There’s certainly no accusing Deidra & Laney Rob a Train of being too subtle. It is the kind of film that works in broad strokes, in comically heightened situations that stem, of course, from the decision described in the thuddingly literal title. But the title is a misnomer: Deidra (Ashleigh Murray) and Laney (Rachel Crow) rob many trains, and similar to those locomotives, the film chugs along, never assuming a particularly high or low level of emotion except in one scene shortly before the climax. There is a winning charm to this decision, enhanced by the consistently solid amount of chemistry all of the actors have with each other — especially the two leads — but they are let down by the fairly rote storylines that the characters are pigeonholed into.

This feeling is inexorably present from the beginning. Deidra, a fiercely intelligent and vivacious high school senior, and her shy younger sister Laney are living in a small home next to the train tracks when their mother (Danielle Nicolet) is put in jail for inexplicably — the reason isn’t given until later in the film — destroying property at the electronics store she was working at. The two deal with this sudden loss of security for a brief while, enduring continual visits from Child Protective Services (who seem eager to pounce when the food and utilities run out) and the ever-decreasing cash supply. Eventually, after asking around for money, Deidra gets the idea to rob supply containers on the trains that run near her house and enlists the reluctant help of her sister. Their operation, which involves selling the stolen goods under the table to Deidra’s ex-boyfriend, gradually increases in profit after they gain the help of their estranged convict father (David Sullivan), a move that attracts the attention of a company-hired railway “detective” (Tim Blake Nelson and an ever-present vape pen).

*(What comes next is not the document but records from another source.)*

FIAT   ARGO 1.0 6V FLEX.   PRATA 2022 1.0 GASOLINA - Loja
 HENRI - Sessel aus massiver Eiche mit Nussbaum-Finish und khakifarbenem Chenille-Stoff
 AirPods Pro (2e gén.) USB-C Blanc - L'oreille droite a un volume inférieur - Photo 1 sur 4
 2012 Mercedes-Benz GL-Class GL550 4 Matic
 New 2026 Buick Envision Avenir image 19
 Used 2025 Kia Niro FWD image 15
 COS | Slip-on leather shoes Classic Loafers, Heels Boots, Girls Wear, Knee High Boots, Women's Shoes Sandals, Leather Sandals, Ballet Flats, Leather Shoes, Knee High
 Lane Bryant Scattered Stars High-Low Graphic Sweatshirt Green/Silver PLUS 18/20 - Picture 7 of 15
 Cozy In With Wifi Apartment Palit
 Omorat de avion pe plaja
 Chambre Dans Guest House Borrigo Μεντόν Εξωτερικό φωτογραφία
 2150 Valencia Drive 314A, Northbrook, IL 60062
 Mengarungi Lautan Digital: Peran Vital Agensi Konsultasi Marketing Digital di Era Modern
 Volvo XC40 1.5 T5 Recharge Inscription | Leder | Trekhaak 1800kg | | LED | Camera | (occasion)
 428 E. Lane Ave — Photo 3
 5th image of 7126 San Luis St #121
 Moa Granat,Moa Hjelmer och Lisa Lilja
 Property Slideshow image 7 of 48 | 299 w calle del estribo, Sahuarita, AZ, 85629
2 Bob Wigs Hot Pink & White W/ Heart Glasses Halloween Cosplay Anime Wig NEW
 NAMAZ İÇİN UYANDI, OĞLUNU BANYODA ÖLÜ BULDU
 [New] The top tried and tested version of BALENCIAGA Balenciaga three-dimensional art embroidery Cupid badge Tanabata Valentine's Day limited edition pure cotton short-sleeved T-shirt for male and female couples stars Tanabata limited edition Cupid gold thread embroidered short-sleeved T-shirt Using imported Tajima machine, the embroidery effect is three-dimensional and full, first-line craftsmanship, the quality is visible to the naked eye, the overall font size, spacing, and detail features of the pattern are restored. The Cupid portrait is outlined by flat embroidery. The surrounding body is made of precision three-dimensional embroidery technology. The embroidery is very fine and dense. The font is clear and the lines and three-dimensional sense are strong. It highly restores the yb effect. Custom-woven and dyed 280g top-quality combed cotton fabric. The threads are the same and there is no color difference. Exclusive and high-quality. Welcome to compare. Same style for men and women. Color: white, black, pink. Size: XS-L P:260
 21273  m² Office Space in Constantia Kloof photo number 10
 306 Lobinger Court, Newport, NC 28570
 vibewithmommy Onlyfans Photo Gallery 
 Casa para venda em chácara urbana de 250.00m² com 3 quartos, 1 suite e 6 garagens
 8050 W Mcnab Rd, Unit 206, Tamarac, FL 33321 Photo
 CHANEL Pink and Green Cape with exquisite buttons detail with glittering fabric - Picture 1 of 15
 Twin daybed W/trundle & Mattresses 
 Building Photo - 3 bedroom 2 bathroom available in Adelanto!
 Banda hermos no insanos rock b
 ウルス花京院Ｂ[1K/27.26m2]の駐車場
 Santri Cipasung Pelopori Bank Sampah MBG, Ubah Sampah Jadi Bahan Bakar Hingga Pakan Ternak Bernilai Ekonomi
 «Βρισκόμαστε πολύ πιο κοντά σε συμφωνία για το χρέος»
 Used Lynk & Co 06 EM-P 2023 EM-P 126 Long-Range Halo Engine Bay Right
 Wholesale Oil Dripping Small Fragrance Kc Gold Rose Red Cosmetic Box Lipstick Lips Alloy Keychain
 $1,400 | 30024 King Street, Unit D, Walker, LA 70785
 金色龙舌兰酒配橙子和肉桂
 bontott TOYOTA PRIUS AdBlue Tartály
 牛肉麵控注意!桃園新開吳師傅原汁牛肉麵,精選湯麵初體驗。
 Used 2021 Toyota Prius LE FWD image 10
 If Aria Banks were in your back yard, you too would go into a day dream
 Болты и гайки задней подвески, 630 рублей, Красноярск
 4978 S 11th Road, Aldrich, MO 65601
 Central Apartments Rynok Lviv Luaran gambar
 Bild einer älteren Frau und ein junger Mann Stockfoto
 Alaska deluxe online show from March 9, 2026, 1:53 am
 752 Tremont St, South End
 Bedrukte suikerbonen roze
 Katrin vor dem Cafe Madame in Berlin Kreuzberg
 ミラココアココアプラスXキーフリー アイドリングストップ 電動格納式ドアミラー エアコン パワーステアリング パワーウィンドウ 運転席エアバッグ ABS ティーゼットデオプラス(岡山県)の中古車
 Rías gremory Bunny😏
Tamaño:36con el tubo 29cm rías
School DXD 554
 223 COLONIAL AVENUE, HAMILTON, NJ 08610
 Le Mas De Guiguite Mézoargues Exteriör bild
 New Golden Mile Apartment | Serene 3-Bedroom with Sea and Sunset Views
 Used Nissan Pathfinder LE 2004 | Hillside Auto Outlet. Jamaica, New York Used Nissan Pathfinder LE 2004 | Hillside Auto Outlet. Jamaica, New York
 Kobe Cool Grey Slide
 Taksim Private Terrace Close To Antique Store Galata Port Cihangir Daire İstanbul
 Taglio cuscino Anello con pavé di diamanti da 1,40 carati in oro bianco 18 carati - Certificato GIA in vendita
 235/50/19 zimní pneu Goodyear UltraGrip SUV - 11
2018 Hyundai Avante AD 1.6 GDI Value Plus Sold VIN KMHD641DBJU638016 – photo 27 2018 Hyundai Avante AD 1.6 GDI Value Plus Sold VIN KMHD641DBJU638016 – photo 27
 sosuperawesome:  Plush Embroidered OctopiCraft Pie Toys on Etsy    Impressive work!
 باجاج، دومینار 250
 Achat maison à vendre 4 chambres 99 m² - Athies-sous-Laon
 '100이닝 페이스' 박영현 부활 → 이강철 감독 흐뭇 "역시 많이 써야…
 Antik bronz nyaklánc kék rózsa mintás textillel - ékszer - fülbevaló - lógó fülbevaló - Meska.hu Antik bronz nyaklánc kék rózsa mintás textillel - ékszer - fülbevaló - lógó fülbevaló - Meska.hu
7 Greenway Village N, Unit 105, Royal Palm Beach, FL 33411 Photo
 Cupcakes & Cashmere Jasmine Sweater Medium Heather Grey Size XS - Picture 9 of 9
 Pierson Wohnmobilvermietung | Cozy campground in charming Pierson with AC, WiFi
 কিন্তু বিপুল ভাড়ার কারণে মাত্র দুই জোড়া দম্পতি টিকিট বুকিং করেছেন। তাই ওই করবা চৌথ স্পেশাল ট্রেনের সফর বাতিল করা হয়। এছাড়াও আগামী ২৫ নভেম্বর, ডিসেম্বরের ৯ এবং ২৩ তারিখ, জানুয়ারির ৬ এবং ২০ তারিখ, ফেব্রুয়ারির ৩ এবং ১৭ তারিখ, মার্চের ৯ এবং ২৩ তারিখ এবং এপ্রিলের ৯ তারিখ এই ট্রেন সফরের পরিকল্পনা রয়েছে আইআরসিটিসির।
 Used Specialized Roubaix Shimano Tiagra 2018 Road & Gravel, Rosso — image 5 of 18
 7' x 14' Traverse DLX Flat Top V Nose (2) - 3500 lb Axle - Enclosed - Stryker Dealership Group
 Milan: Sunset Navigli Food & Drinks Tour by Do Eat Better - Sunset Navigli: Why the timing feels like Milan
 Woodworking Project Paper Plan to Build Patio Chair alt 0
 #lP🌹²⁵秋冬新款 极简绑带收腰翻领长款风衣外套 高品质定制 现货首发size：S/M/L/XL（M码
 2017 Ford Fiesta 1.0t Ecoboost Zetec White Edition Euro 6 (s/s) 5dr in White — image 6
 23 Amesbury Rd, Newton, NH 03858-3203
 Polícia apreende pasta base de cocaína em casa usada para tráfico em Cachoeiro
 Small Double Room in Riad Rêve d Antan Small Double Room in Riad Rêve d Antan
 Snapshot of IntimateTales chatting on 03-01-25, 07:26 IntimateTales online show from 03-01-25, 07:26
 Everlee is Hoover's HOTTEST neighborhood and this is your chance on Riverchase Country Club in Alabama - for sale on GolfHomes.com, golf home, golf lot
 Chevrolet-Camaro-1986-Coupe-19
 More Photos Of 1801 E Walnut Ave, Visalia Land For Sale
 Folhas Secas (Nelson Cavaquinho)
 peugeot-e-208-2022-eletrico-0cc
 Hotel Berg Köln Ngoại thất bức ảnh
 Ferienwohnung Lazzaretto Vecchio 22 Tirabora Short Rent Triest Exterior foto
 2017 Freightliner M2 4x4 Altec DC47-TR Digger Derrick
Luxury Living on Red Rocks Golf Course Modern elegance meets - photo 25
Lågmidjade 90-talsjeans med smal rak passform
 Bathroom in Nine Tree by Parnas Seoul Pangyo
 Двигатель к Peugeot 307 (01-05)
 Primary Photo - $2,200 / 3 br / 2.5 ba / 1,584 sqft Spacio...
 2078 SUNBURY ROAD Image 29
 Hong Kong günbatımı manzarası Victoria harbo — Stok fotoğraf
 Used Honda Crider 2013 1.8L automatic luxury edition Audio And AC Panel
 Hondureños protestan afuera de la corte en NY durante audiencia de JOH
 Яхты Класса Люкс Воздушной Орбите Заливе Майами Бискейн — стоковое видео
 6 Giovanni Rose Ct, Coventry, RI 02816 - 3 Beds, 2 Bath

All of this is fairly innocuous from a filmmaking perspective, but it is when Deidra & Laney Rob a Train gets into specifics that the film runs into trouble. The narrative flow is choppy as it moves between two separate major arcs aside from the train robberies: Deidra is trying to become the first in her family — and, apparently, her high school — to go to a private college, and Laney is competing in a teen pageant almost against her own will. The former storyline is the much more interesting of the two, despite or perhaps because Laney has a palpable antagonist in the form of a former friend competing against her in the pageant. Deidra, on the other hand, has only her own dreams to measure up against, and it certainly helps that Murray gives by far the best performance in the film, a mixture of an appealing youthfulness and a level-headedness that only slips in the most desperate of moments.

Indeed, the not-so-subtle message of Deidra & Laney Rob a Train is one of self-confidence and self-actualization, and every single “good” character progresses fairly steadily towards their own version of this ideal, a decision that renders the eventual outcomes somewhat tedious in their predictability. There is a certain liveliness in Sydney Freeland’s direction, manifesting itself mostly through energetic camerawork, montages, and a slightly annoying but integrated usage of visual effects/aids like a pop-up video or a caption, and most of the actors (with the exception of Nelson, who seems rather off-puttingly humorless) give life to their standard characters, but little exists in the way of actual development or substance. When the movie does attempt to go for pathos through Nicolet, it falls mostly flat because, ultimately, Deidra & Laney Rob a Train defines its characters through surface traits and desires, rather than anything deeper. The result is a film that feels both pleasing and vaguely unformed.

Deidra & Laney Rob a Train is now available on Netflix.